Here are some records. Print all of them exactly.

•••

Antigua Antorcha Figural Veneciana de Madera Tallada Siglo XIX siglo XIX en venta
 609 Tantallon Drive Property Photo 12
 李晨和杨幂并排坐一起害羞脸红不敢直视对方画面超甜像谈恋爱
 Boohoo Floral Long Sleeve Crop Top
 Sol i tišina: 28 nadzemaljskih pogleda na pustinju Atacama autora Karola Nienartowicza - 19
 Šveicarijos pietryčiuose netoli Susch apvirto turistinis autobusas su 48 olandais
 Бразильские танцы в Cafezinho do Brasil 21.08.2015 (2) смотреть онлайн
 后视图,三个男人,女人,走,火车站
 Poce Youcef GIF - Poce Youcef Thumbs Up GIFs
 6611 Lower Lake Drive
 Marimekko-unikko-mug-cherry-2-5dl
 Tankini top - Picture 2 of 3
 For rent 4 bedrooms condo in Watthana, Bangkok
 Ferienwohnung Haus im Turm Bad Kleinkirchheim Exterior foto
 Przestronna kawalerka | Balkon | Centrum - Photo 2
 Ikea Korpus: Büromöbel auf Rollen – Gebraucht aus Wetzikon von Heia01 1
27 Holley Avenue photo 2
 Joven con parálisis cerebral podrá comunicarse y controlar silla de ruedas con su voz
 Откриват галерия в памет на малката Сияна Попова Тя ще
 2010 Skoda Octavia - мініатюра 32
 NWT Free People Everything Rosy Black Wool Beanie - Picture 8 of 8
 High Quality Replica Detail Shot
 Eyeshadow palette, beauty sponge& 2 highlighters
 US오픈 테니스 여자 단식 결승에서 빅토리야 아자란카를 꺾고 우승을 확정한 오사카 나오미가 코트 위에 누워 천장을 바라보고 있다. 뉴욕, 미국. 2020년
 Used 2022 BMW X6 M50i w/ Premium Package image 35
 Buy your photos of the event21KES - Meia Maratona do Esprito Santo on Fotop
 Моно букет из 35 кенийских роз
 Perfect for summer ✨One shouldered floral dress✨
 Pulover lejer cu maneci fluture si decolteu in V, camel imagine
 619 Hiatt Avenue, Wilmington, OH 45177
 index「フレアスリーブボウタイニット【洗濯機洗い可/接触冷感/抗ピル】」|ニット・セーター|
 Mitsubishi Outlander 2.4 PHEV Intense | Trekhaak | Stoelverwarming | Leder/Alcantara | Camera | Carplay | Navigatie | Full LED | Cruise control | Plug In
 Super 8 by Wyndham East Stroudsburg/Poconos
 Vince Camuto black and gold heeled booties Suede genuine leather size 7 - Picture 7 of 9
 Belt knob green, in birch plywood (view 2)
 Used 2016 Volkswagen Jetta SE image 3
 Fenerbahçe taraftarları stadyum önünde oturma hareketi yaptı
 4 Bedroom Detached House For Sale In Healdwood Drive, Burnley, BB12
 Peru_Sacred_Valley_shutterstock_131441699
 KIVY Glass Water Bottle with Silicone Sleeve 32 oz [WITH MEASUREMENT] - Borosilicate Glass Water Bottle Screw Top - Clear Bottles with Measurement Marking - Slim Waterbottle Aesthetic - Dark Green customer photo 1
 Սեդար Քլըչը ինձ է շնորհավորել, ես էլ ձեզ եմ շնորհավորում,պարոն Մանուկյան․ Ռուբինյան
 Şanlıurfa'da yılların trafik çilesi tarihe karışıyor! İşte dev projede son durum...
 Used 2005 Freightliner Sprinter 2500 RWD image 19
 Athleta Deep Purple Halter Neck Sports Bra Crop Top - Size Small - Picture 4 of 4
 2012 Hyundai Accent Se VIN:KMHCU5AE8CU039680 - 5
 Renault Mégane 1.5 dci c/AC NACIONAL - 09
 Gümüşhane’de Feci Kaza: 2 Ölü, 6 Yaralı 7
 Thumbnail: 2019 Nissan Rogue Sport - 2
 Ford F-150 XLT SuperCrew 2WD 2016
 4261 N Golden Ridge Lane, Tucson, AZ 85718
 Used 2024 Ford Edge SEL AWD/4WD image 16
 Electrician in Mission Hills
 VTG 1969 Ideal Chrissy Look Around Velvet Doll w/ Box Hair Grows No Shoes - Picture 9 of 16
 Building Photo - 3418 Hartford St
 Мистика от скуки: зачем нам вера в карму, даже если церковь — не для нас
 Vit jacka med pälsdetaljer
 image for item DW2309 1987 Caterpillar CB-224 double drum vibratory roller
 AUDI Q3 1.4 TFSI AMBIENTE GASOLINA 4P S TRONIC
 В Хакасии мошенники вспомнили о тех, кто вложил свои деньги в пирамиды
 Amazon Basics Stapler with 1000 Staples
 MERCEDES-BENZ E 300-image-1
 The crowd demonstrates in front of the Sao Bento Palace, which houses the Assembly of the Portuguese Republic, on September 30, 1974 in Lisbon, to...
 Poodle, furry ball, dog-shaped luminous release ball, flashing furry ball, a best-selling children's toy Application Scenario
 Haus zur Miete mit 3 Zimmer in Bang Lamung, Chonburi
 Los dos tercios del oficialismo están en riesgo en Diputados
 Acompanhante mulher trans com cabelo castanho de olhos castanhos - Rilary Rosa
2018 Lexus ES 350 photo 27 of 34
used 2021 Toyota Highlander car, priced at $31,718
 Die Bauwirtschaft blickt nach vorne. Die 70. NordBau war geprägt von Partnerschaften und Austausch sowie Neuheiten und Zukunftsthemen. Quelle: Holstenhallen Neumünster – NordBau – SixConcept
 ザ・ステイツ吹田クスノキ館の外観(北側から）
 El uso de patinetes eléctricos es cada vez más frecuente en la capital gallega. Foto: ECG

•••

### Written answer
Antigua Antorcha Figural Veneciana de Madera Tallada Siglo XIX siglo XIX en venta
 609 Tantallon Drive Property Photo 12
 李晨和杨幂并排坐一起害羞脸红不敢直视对方画面超甜像谈恋爱
 Boohoo Floral Long Sleeve Crop Top
 Sol i tišina: 28 nadzemaljskih pogleda na pustinju Atacama autora Karola Nienartowicza - 19
 Šveicarijos pietryčiuose netoli Susch apvirto turistinis autobusas su 48 olandais
 Бразильские танцы в Cafezinho do Brasil 21.08.2015 (2) смотреть онлайн
 后视图,三个男人,女人,走,火车站
 Poce Youcef GIF - Poce Youcef Thumbs Up GIFs
 6611 Lower Lake Drive
 Marimekko-unikko-mug-cherry-2-5dl
 Tankini top - Picture 2 of 3
 For rent 4 bedrooms condo in Watthana, Bangkok
 Ferienwohnung Haus im Turm Bad Kleinkirchheim Exterior foto
 Przestronna kawalerka | Balkon | Centrum - Photo 2
 Ikea Korpus: Büromöbel auf Rollen – Gebraucht aus Wetzikon von Heia01 1
27 Holley Avenue photo 2
 Joven con parálisis cerebral podrá comunicarse y controlar silla de ruedas con su voz
 Откриват галерия в памет на малката Сияна Попова Тя ще
 2010 Skoda Octavia - мініатюра 32
 NWT Free People Everything Rosy Black Wool Beanie - Picture 8 of 8
 High Quality Replica Detail Shot
 Eyeshadow palette, beauty sponge& 2 highlighters
 US오픈 테니스 여자 단식 결승에서 빅토리야 아자란카를 꺾고 우승을 확정한 오사카 나오미가 코트 위에 누워 천장을 바라보고 있다. 뉴욕, 미국. 2020년
 Used 2022 BMW X6 M50i w/ Premium Package image 35
 Buy your photos of the event21KES - Meia Maratona do Esprito Santo on Fotop
 Моно букет из 35 кенийских роз
 Perfect for summer ✨One shouldered floral dress✨
 Pulover lejer cu maneci fluture si decolteu in V, camel imagine
 619 Hiatt Avenue, Wilmington, OH 45177
 index「フレアスリーブボウタイニット【洗濯機洗い可/接触冷感/抗ピル】」|ニット・セーター|
 Mitsubishi Outlander 2.4 PHEV Intense | Trekhaak | Stoelverwarming | Leder/Alcantara | Camera | Carplay | Navigatie | Full LED | Cruise control | Plug In
 Super 8 by Wyndham East Stroudsburg/Poconos
 Vince Camuto black and gold heeled booties Suede genuine leather size 7 - Picture 7 of 9
 Belt knob green, in birch plywood (view 2)
 Used 2016 Volkswagen Jetta SE image 3
 Fenerbahçe taraftarları stadyum önünde oturma hareketi yaptı
 4 Bedroom Detached House For Sale In Healdwood Drive, Burnley, BB12
 Peru_Sacred_Valley_shutterstock_131441699
 KIVY Glass Water Bottle with Silicone Sleeve 32 oz [WITH MEASUREMENT] - Borosilicate Glass Water Bottle Screw Top - Clear Bottles with Measurement Marking - Slim Waterbottle Aesthetic - Dark Green customer photo 1
 Սեդար Քլըչը ինձ է շնորհավորել, ես էլ ձեզ եմ շնորհավորում,պարոն Մանուկյան․ Ռուբինյան
 Şanlıurfa'da yılların trafik çilesi tarihe karışıyor! İşte dev projede son durum...
 Used 2005 Freightliner Sprinter 2500 RWD image 19
 Athleta Deep Purple Halter Neck Sports Bra Crop Top - Size Small - Picture 4 of 4
 2012 Hyundai Accent Se VIN:KMHCU5AE8CU039680 - 5
 Renault Mégane 1.5 dci c/AC NACIONAL - 09
 Gümüşhane’de Feci Kaza: 2 Ölü, 6 Yaralı 7
 Thumbnail: 2019 Nissan Rogue Sport - 2
 Ford F-150 XLT SuperCrew 2WD 2016
 4261 N Golden Ridge Lane, Tucson, AZ 85718
 Used 2024 Ford Edge SEL AWD/4WD image 16
 Electrician in Mission Hills
 VTG 1969 Ideal Chrissy Look Around Velvet Doll w/ Box Hair Grows No Shoes - Picture 9 of 16
 Building Photo - 3418 Hartford St
 Мистика от скуки: зачем нам вера в карму, даже если церковь — не для нас
 Vit jacka med pälsdetaljer
 image for item DW2309 1987 Caterpillar CB-224 double drum vibratory roller
 AUDI Q3 1.4 TFSI AMBIENTE GASOLINA 4P S TRONIC
 В Хакасии мошенники вспомнили о тех, кто вложил свои деньги в пирамиды
 Amazon Basics Stapler with 1000 Staples
 MERCEDES-BENZ E 300-image-1
 The crowd demonstrates in front of the Sao Bento Palace, which houses the Assembly of the Portuguese Republic, on September 30, 1974 in Lisbon, to...
 Poodle, furry ball, dog-shaped luminous release ball, flashing furry ball, a best-selling children's toy Application Scenario
 Haus zur Miete mit 3 Zimmer in Bang Lamung, Chonburi
 Los dos tercios del oficialismo están en riesgo en Diputados
 Acompanhante mulher trans com cabelo castanho de olhos castanhos - Rilary Rosa
2018 Lexus ES 350 photo 27 of 34
used 2021 Toyota Highlander car, priced at $31,718
 Die Bauwirtschaft blickt nach vorne. Die 70. NordBau war geprägt von Partnerschaften und Austausch sowie Neuheiten und Zukunftsthemen. Quelle: Holstenhallen Neumünster – NordBau – SixConcept
 ザ・ステイツ吹田クスノキ館の外観(北側から）
 El uso de patinetes eléctricos es cada vez más frecuente en la capital gallega. Foto: ECG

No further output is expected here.